* **WHAT NEEDS TO BE DONE**:
Looking at the records below, say how many lines contain "Building". Nothing else belongs in the answer.

━━━━

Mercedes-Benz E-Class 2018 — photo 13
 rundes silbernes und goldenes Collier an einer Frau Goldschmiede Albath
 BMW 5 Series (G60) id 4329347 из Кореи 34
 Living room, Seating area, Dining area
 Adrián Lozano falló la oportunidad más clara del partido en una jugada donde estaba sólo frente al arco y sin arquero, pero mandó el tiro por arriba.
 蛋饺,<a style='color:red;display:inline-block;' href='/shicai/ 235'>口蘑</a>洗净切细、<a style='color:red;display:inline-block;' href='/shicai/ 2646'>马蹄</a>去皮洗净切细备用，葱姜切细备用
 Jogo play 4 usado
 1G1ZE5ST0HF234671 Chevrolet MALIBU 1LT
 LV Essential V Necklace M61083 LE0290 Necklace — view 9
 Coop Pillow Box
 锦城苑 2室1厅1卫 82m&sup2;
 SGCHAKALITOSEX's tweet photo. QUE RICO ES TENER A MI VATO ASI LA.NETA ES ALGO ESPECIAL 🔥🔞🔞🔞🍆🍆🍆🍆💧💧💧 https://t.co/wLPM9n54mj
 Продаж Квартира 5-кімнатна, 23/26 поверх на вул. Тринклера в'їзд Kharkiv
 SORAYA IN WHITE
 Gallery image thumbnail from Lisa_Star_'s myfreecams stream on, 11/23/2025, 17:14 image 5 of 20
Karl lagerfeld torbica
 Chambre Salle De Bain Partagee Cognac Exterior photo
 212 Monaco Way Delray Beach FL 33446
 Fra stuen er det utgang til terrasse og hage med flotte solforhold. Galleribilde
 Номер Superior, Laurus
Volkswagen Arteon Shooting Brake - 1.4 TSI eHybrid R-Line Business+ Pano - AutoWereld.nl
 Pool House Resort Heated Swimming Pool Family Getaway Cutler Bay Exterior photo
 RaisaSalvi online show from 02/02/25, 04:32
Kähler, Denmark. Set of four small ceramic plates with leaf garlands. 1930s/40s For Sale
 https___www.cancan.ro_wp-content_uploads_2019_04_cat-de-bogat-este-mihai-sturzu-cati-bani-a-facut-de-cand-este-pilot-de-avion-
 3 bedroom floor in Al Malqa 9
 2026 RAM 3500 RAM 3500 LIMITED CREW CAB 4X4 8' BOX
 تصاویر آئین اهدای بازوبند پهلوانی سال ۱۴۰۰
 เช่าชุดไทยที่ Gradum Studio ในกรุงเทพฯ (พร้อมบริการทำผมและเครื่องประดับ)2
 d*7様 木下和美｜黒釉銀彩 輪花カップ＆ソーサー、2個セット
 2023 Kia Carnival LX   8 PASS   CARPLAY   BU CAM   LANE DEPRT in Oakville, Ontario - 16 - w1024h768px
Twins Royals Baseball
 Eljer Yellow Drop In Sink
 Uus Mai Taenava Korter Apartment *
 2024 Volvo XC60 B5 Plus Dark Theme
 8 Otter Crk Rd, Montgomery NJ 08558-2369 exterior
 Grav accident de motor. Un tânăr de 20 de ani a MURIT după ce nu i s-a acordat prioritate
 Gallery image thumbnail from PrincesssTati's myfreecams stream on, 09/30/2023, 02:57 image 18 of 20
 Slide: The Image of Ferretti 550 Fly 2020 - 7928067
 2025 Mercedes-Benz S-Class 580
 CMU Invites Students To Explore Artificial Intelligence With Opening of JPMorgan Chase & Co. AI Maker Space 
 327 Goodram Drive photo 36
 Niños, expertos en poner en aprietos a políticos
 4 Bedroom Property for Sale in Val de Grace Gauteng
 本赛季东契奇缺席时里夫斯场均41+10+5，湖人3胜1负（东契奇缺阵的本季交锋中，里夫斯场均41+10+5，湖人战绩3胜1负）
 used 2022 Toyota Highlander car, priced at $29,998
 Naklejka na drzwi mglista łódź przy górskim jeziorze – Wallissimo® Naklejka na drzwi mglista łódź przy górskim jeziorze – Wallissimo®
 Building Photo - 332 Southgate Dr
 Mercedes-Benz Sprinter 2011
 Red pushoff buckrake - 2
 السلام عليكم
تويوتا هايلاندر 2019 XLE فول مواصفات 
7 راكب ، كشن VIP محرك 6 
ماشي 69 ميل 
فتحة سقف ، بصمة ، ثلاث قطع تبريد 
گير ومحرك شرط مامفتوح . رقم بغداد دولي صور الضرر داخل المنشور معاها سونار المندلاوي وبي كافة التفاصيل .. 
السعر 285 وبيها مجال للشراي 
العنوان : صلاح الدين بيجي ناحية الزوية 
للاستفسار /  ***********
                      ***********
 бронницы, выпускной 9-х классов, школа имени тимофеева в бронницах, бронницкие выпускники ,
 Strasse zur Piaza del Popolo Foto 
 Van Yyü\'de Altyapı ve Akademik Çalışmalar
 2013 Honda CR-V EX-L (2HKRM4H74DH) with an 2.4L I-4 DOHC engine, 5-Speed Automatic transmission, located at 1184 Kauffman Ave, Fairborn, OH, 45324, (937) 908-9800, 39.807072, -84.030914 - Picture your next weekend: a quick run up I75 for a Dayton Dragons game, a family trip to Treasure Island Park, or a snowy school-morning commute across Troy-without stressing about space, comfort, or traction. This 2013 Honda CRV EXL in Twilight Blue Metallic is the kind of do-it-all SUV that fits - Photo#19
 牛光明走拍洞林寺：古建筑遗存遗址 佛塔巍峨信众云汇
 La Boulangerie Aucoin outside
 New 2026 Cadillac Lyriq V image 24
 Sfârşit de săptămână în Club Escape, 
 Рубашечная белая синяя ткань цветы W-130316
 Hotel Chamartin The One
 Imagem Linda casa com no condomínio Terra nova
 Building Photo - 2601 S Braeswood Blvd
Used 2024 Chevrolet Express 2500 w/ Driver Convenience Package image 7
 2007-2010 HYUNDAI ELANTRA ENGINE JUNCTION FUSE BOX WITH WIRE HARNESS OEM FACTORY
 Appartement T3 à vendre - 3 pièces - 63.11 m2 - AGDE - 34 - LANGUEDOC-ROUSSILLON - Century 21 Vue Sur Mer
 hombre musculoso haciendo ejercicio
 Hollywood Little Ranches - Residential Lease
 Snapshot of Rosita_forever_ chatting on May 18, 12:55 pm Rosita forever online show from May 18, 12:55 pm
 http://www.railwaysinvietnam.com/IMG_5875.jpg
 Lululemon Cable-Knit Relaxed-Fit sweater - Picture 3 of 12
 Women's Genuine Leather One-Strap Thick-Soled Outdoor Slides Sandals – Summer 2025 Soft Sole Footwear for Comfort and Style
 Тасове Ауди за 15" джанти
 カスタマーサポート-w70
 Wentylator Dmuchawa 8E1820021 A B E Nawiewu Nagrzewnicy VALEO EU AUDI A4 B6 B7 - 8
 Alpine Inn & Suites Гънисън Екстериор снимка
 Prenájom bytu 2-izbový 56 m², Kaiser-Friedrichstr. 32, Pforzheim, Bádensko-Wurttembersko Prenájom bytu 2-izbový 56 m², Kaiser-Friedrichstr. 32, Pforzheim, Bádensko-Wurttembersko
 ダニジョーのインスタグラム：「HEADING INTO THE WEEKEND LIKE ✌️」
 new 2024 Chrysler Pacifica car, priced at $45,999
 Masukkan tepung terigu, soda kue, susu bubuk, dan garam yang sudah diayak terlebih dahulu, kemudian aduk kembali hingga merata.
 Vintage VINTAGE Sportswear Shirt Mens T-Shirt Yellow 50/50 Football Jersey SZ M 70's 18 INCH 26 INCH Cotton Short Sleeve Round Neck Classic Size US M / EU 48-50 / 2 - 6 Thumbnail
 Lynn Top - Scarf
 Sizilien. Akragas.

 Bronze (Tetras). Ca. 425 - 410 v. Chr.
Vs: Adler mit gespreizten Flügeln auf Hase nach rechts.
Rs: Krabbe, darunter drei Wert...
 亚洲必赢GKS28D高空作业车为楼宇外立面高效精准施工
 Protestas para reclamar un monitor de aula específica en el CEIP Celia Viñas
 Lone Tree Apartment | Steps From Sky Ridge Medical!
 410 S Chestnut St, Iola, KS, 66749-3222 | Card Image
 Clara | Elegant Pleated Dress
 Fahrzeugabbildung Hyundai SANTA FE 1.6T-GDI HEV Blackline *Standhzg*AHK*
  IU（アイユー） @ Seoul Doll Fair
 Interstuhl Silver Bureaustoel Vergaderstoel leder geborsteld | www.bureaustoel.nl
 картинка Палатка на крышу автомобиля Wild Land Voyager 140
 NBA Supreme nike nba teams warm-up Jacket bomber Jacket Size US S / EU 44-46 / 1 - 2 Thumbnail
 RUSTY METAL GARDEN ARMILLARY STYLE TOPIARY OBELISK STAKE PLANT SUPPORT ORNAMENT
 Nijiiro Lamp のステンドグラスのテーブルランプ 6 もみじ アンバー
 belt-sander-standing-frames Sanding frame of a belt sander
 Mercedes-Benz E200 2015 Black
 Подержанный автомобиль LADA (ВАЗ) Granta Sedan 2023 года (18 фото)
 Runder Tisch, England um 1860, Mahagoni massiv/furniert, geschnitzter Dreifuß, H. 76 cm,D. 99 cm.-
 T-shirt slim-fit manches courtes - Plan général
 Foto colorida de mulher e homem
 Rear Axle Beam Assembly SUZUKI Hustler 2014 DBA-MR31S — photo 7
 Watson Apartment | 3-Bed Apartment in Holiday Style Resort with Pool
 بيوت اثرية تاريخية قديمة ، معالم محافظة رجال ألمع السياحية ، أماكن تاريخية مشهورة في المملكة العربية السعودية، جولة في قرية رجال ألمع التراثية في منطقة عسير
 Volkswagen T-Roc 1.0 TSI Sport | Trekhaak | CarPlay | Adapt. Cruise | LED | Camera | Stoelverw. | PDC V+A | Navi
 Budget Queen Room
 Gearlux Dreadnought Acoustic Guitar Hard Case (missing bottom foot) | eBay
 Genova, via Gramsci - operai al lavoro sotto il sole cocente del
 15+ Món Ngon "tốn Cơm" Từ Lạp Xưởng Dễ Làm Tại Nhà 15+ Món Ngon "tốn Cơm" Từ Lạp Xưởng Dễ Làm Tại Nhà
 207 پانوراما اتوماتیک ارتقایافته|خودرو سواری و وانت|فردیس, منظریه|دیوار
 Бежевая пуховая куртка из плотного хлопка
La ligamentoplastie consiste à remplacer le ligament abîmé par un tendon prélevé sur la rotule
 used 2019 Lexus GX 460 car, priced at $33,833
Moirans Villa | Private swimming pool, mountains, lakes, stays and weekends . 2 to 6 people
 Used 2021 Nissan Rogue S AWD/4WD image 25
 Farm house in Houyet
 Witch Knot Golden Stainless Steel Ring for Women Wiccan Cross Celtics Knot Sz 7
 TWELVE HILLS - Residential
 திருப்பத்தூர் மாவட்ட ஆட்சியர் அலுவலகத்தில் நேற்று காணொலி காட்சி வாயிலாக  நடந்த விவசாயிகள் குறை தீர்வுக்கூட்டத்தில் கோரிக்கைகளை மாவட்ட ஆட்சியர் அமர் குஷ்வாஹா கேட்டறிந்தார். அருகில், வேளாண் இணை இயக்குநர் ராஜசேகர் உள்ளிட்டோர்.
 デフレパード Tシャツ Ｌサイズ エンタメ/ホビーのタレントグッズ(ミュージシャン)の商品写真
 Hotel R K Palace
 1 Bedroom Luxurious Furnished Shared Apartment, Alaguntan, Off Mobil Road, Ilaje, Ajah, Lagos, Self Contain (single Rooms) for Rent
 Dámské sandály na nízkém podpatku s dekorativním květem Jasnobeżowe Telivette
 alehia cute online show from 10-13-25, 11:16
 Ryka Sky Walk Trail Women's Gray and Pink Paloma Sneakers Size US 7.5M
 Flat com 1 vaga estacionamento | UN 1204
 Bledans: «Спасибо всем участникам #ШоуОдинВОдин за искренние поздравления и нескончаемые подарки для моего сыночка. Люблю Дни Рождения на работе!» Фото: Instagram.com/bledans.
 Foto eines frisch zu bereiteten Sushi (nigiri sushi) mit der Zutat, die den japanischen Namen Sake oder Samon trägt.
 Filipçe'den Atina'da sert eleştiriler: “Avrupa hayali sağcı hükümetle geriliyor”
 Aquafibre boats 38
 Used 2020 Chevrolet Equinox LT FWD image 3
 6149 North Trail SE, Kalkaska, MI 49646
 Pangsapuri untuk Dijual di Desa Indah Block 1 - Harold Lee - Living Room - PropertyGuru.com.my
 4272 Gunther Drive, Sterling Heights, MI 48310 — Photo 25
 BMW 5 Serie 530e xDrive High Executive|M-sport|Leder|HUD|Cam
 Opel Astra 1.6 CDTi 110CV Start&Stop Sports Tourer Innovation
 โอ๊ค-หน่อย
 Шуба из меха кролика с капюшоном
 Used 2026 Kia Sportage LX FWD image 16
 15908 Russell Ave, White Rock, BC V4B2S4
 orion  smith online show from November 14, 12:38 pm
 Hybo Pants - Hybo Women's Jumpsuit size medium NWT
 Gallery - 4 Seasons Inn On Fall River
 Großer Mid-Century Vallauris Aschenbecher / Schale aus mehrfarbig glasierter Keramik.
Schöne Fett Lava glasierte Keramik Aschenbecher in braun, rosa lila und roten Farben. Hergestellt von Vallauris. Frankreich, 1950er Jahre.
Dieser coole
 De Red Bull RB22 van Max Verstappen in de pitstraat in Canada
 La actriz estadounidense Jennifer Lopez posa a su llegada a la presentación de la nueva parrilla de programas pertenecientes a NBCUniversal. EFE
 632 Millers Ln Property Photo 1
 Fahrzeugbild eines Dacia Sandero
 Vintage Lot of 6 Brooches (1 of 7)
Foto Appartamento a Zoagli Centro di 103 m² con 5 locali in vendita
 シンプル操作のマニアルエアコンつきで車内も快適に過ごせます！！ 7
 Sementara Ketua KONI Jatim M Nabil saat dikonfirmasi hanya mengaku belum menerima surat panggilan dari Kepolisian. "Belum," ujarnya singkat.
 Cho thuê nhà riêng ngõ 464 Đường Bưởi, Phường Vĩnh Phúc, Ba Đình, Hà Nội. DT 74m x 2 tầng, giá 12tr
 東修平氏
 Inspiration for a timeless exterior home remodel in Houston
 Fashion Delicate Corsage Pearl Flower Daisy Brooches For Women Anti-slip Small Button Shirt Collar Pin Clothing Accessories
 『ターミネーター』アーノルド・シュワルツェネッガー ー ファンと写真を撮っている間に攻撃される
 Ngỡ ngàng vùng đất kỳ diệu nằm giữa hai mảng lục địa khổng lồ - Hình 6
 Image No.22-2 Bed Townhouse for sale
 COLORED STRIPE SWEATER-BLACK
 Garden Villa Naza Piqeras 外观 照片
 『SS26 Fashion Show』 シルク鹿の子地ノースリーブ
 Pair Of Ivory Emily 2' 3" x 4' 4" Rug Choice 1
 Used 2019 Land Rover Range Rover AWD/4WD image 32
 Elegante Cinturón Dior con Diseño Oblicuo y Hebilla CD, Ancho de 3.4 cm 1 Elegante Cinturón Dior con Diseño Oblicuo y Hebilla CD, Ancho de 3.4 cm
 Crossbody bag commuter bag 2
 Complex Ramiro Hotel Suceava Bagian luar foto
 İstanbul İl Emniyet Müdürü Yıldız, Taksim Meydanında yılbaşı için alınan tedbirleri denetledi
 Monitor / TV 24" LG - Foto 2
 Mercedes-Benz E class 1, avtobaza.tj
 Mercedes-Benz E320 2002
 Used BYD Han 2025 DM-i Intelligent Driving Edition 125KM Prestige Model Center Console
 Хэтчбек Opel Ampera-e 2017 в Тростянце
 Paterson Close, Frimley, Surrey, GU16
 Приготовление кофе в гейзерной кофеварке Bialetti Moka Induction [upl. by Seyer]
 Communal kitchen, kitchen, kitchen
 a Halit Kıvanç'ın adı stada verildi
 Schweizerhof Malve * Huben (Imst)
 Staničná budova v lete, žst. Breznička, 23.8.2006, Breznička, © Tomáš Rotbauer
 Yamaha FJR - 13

━━━━

* **SOLUTION FOR THIS EXERCISE**:
2